Print back each record unchanged, without pictures.
═════ Material for the task ═════
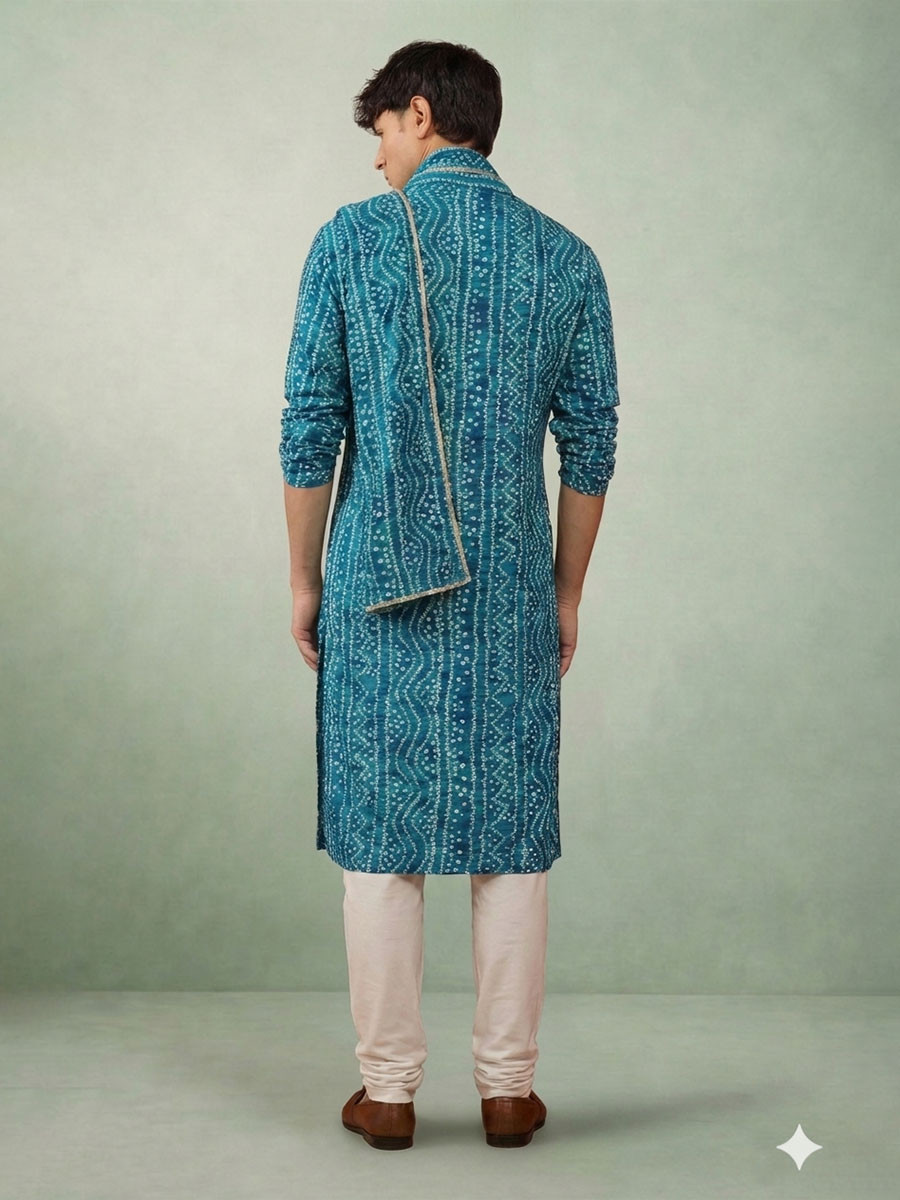 Petrol Blue Cotton Bandhani Printed Wedding Festival Party Wear Casual Mens Kurta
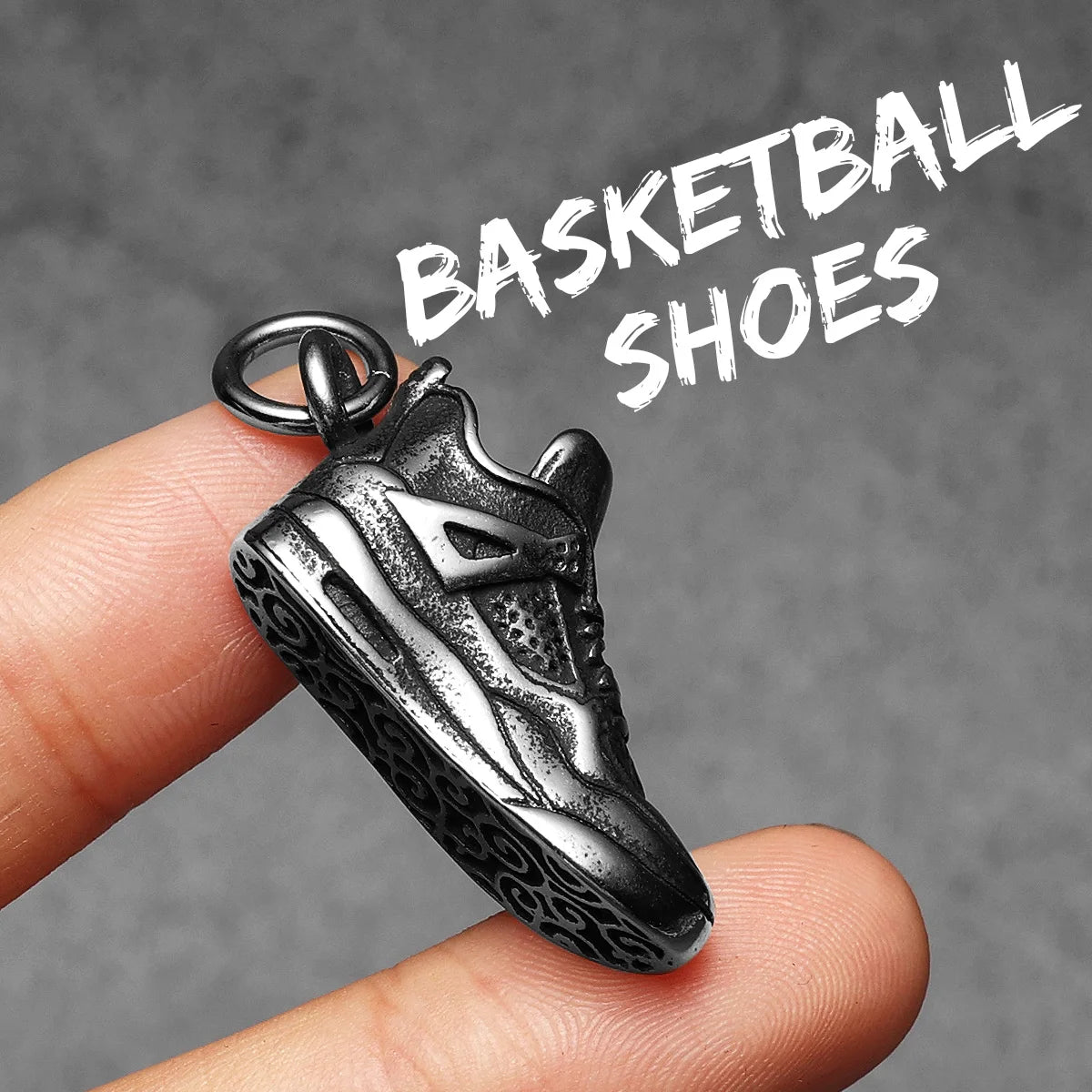 Retro Basketball Shoes Pendant Stainless Steel Jewelry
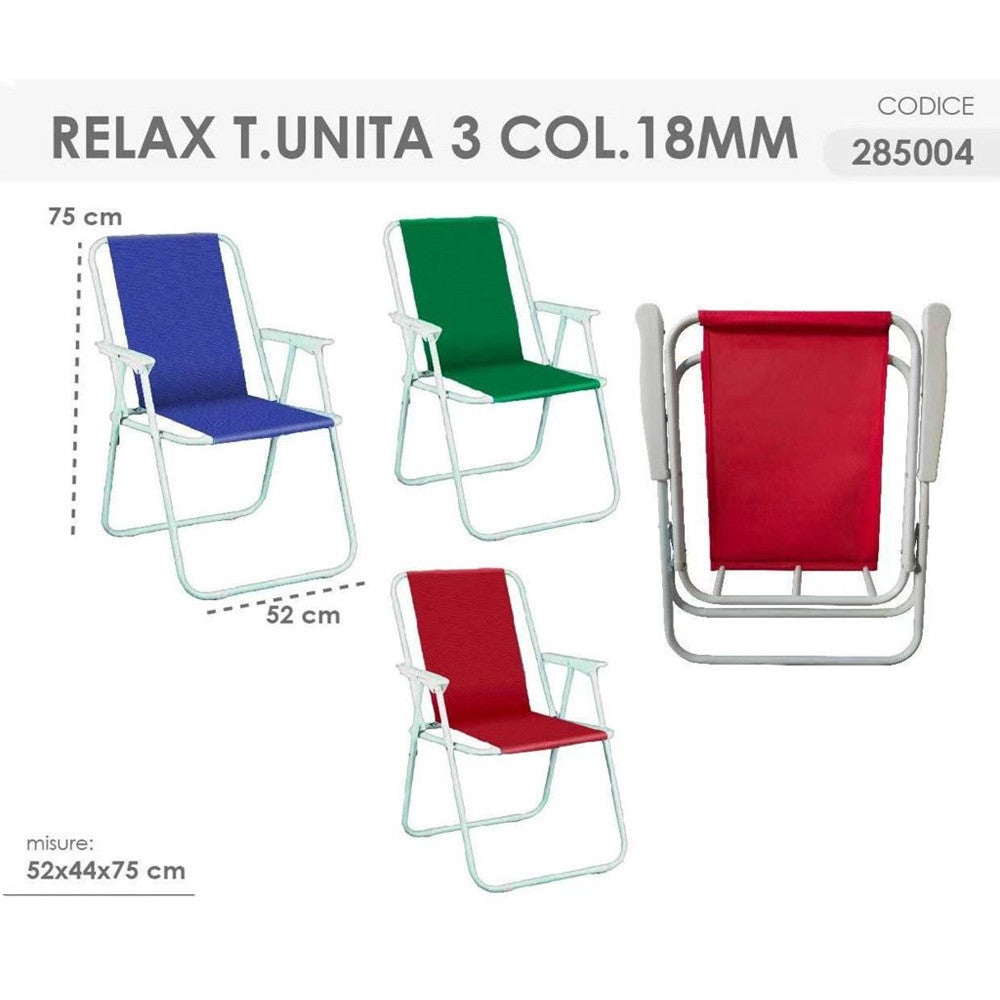 SEDIA RELAX SPIAGGINA MARE GIARDINO IN ACCIAIO PIEGHEVOLE CAMPEGGIO TINTA UNITA 285004
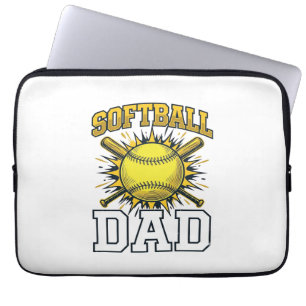 Softball Dad Vintage Engraving Shirt Design_1 Laptop Sleeve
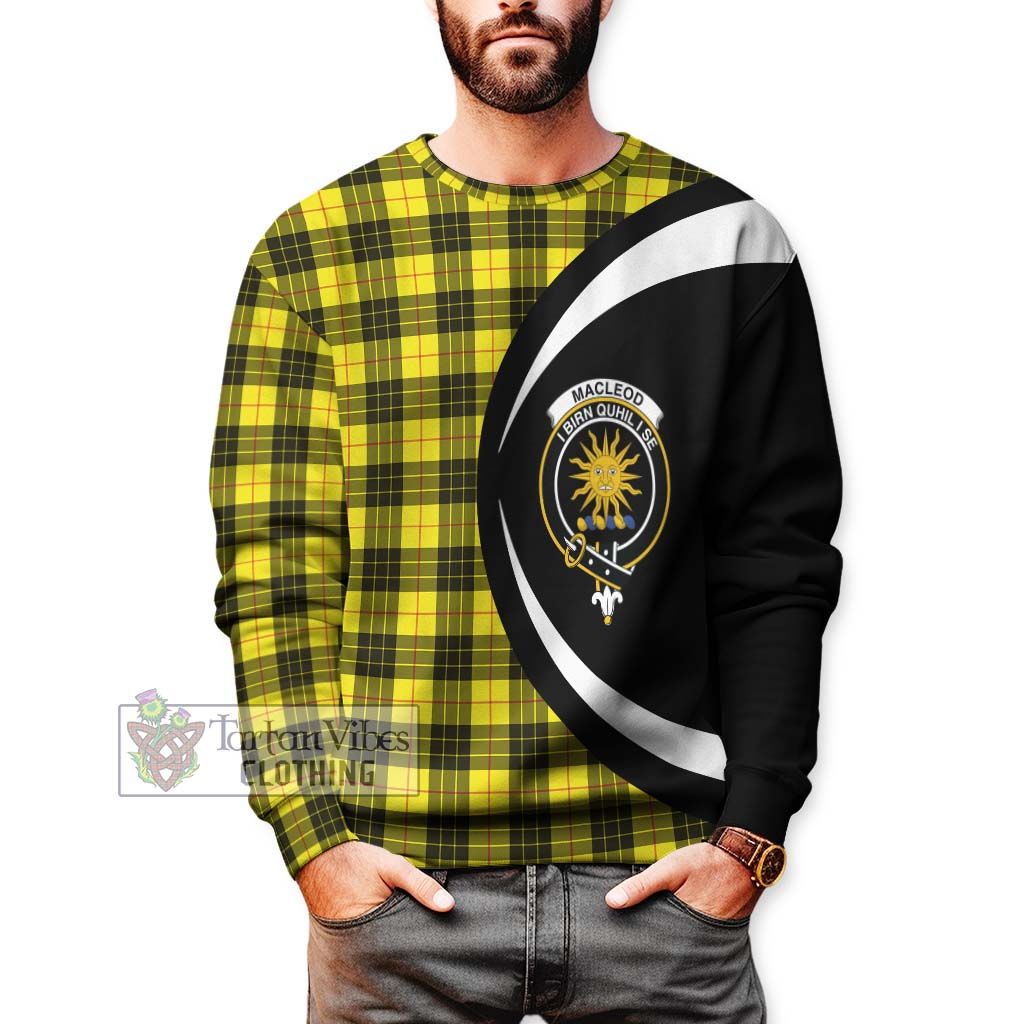 MacLeod (McLeod) Tartan Sweatshirt with Family Crest Circle Style - Tartan Vibes Clothing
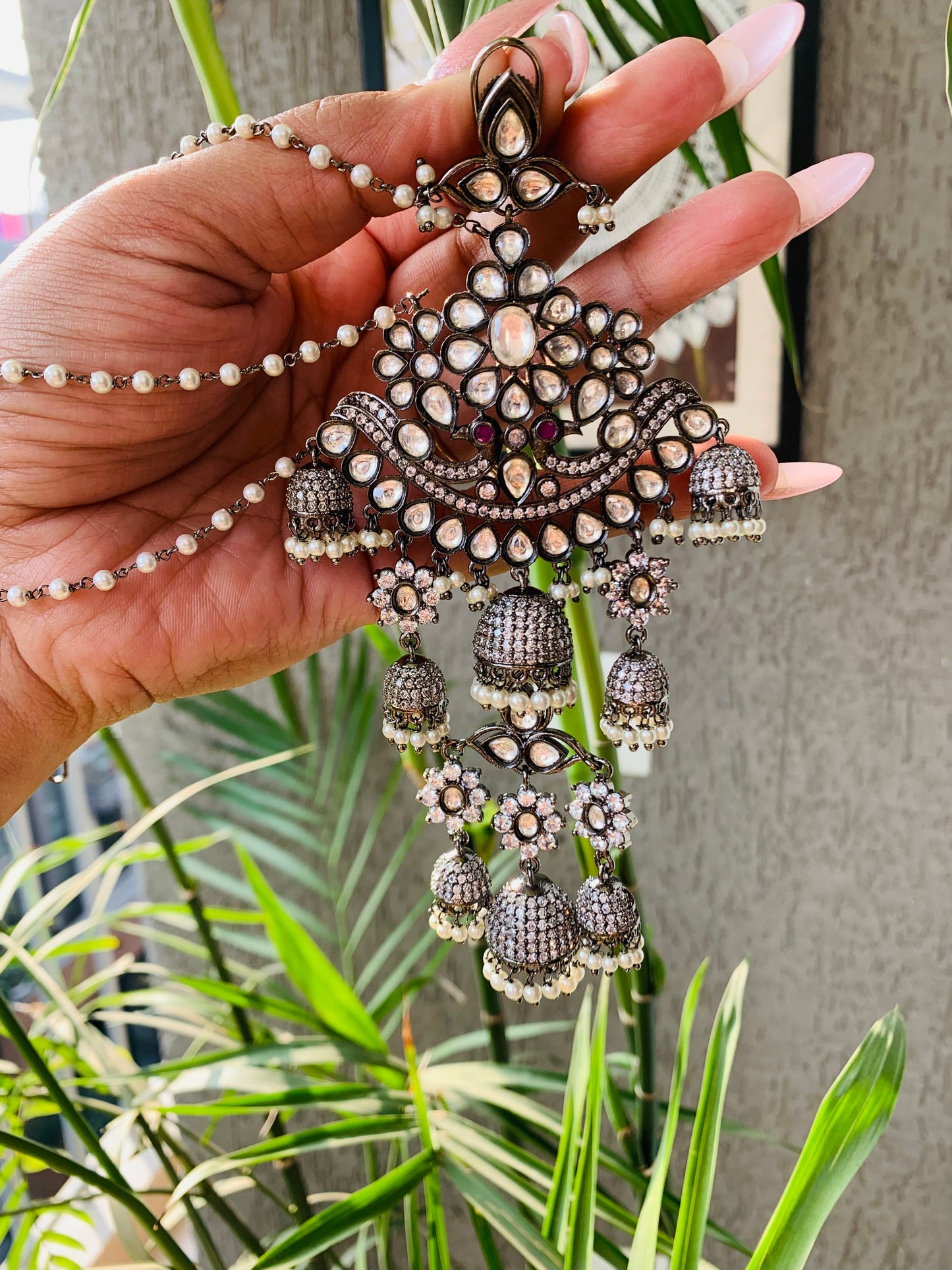 Designer Victorian Polish Earrings with Earchain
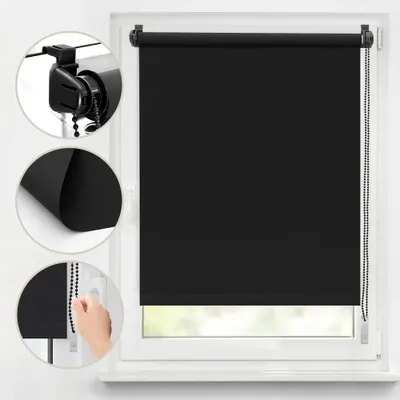 Obrázek produktu pro Zatemňovací roleta - Montáž bez vrtání - Dvouvrstvá - 100% polyester - Okenní roleta 130x150 cm - Černá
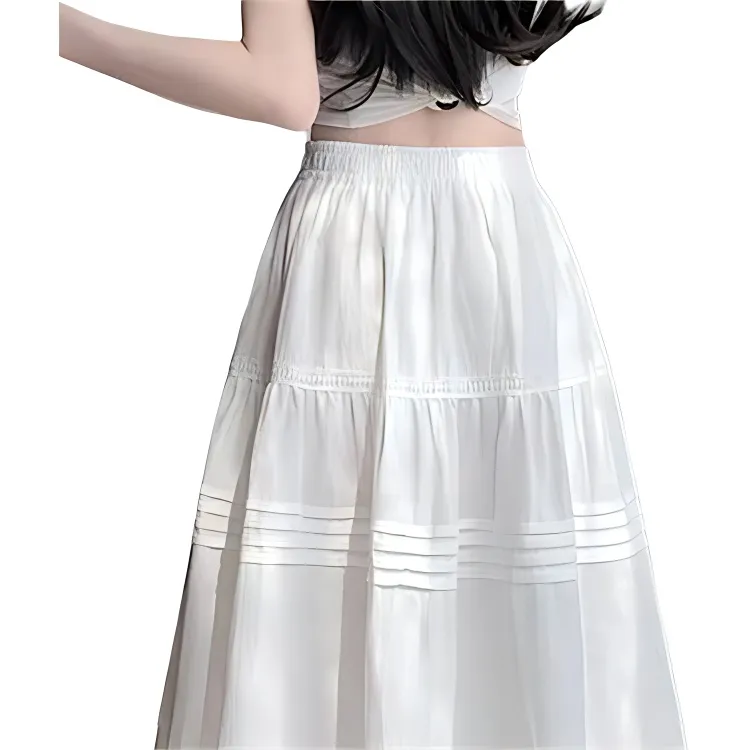 HTHK Casual Long Skirt Women's White-2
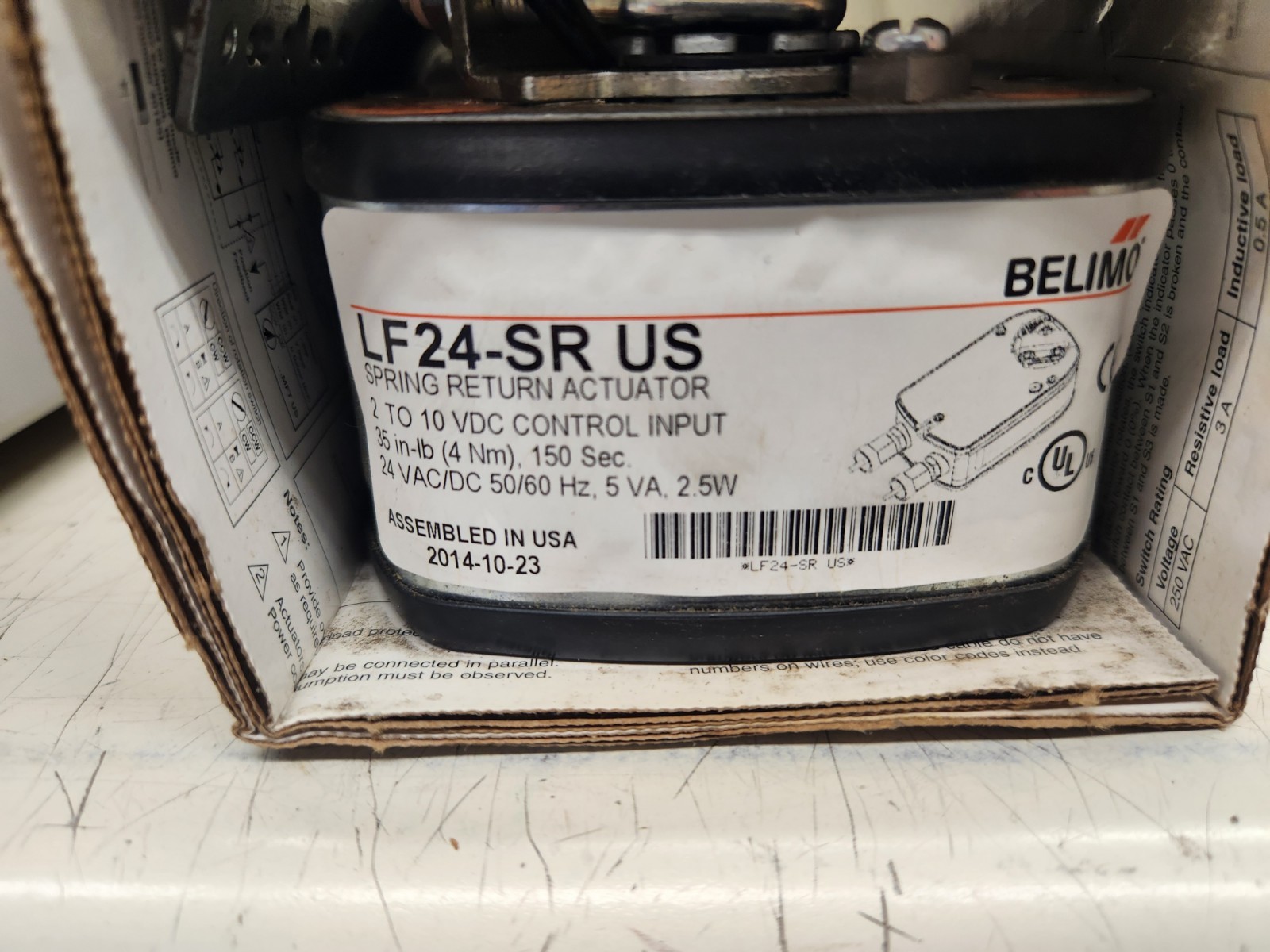 BELIMO LF24-SR US Spring Return Damper Actuator A/DC 24V 50/60Hz 5.0VA 2.5W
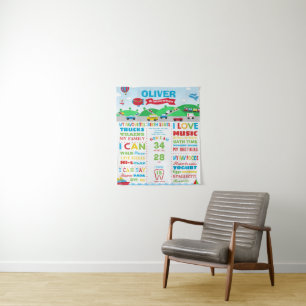 Transportation 2nd Birthday Milestone Birth Stats Tapestry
═════
§ Task result
 Petrol Blue Cotton Bandhani Printed Wedding Festival Party Wear Casual Mens Kurta
 Retro Basketball Shoes Pendant Stainless Steel Jewelry
 SEDIA RELAX SPIAGGINA MARE GIARDINO IN ACCIAIO PIEGHEVOLE CAMPEGGIO TINTA UNITA 285004
 Softball Dad Vintage Engraving Shirt Design_1 Laptop Sleeve
 MacLeod (McLeod) Tartan Sweatshirt with Family Crest Circle Style - Tartan Vibes Clothing
 Designer Victorian Polish Earrings with Earchain
 Obrázek produktu pro Zatemňovací roleta - Montáž bez vrtání - Dvouvrstvá - 100% polyester - Okenní roleta 130x150 cm - Černá
 HTHK Casual Long Skirt Women's White-2
 BELIMO LF24-SR US Spring Return Damper Actuator A/DC 24V 50/60Hz 5.0VA 2.5W
 Transportation 2nd Birthday Milestone Birth Stats Tapestry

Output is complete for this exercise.